To move into the cloud, or not to move into the cloud ... that is the question!
Cloud solutions are rapidly expanding, and consumers and businesses are being offered these solutions at almost every turn. This reality is bringing to light one of the major concerns about cloud: IT security/privacy. It seems we are hearing about breaches into server systems, leaks in social media networks, industrial espionage, and other security incidents almost on a daily basis. So the cloud can’t be secure, right?
Let’s do a reality check—whether your data and information are on paper and stored in file cabinets, stored on the local drive of a computer, stored on a client-
server network, or stored on a cloud-based network, there is always a certain level of risk. If you store it on paper, it could be stolen, copied, shredded, or otherwise destroyed. If you store it on a computer, it could be stolen, copied, deleted, or otherwise destroyed.
The same is true for a network; whether the network where you store your data is a client-server network or a cloud-based network is irrelevant. It’s all about the provider and the data security systems and procedures that they have in place.
The cloud is still a physical place; it’s just that it’s somebody else’s server in some other location, accessed via the internet.
The answer to the question about whether the cloud is secure is not an easy one to answer. It depends on the cloud service provider, who is hosting the application and/or data, and where it resides.
It is a misconception that the cloud can’t be safe and secure. On the contrary, with a little expertise and the right security layers in place, services can actually be far more secure in the cloud environment than in many traditional IT systems—regardless of the type of service. In fact, whenever anyone in my organization cites security concerns about moving organizational applications or data into the cloud, I just tell them—reliable, robust cloud solution providers spend more on IT security in a week than our organization can spend on it in a year! With this in mind, the imperative is that all businesses should evaluate the many advantages that the cloud has to offer and not reject the technology due to a lack of knowledge. These types of decisions require an appropriate evaluation, whereby the risks, costs, and associated benefits and savings are all considered.

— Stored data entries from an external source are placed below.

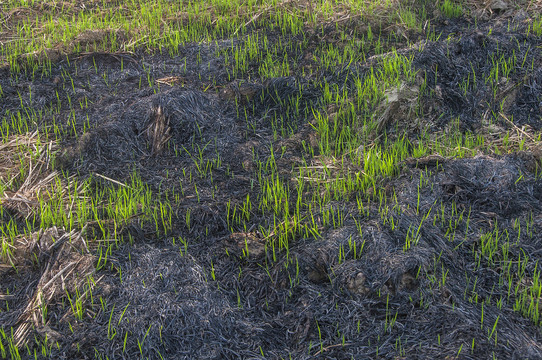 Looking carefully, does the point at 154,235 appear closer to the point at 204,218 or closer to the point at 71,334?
the point at 204,218

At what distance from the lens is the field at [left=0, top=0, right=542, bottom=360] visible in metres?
2.48

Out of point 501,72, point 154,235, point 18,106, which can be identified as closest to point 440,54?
point 501,72

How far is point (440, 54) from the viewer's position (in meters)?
4.35

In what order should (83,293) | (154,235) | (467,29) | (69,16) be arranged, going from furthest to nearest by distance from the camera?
(69,16) < (467,29) < (154,235) < (83,293)

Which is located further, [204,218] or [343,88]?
[343,88]

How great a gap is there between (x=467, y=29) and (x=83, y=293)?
406 centimetres

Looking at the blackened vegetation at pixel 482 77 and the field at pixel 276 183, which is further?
the blackened vegetation at pixel 482 77

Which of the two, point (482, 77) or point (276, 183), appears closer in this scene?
point (276, 183)

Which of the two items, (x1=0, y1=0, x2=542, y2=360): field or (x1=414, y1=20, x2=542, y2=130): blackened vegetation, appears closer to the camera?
(x1=0, y1=0, x2=542, y2=360): field

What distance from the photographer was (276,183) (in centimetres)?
323

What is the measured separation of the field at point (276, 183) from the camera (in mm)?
2480

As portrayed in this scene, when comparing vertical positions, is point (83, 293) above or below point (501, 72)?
below

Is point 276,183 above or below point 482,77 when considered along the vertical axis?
below

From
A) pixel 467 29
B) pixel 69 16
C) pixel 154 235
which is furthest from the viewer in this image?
pixel 69 16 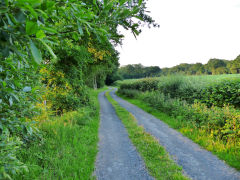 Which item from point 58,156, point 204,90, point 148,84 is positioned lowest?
point 58,156

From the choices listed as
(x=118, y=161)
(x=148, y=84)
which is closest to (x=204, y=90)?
(x=118, y=161)

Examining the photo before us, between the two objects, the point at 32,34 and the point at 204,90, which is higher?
the point at 32,34

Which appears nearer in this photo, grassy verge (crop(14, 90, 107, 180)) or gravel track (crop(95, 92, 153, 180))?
grassy verge (crop(14, 90, 107, 180))

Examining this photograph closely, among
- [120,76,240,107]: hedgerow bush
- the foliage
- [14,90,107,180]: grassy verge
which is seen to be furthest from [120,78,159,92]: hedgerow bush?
the foliage

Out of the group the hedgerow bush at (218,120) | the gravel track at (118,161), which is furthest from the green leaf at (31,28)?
the hedgerow bush at (218,120)

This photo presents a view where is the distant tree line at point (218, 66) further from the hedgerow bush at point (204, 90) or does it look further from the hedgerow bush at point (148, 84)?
the hedgerow bush at point (204, 90)

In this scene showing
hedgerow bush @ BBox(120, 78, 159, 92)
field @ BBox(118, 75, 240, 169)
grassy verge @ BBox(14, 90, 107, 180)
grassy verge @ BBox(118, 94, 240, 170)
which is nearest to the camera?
grassy verge @ BBox(14, 90, 107, 180)

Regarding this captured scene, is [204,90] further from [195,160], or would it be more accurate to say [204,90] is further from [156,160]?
[156,160]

Here are the questions you should ask:
• Is the solution provider compliant with your industry’s information/data security requirements, such as HIPAA, PCI, and SEC?
• Is the solution environment physically secure (i.e., what are the possibilities of human attack on the machines)?
• How many data centers does the provider have?
• Where are the data centers?
• Is there built-in data center redundancy?
• What is the back-up and disaster recovery plan?
• What does the provider do to protect the
data from a cyberattack?
• What backup power plan is in place?
• What service-level agreements can be negotiated?
In a traditional environment, physical servers are housed on premise. All it would take is one disgruntled worker to bring down an entire organization. One person could easily damage, steal, or incapacitate a server. But if your IT is managed offsite by a neutral party, it will be much safer, especially if the facility is as secure as it should be.
To be considered for a a cloud-based hosted solution a data center should be rated as Tier 4. According to the Uptime Institute, a Tier 4 data center provides the following:
• 99.995% uptime per year
• Fully redundant infrastructure
• 96-hour power outage protection
• 26.3 minutes of annual downtime
In other words, with the proper measures in place, the cloud is not just secure; it is typically more secure than your organization could ever hope to be.
Quality IT providers recognize the importance of security, make significant investments to ensure the security and reliability of their clients’ systems and data, and will indicate the same in their negotiated service-level agreements.
If security concerns have ever been the primary reason for you to avoid making a move to the cloud, you may want to evaluate your options, weigh the risks, analyze the benefits, calculate the total cost of ownership, and make a well-informed decision.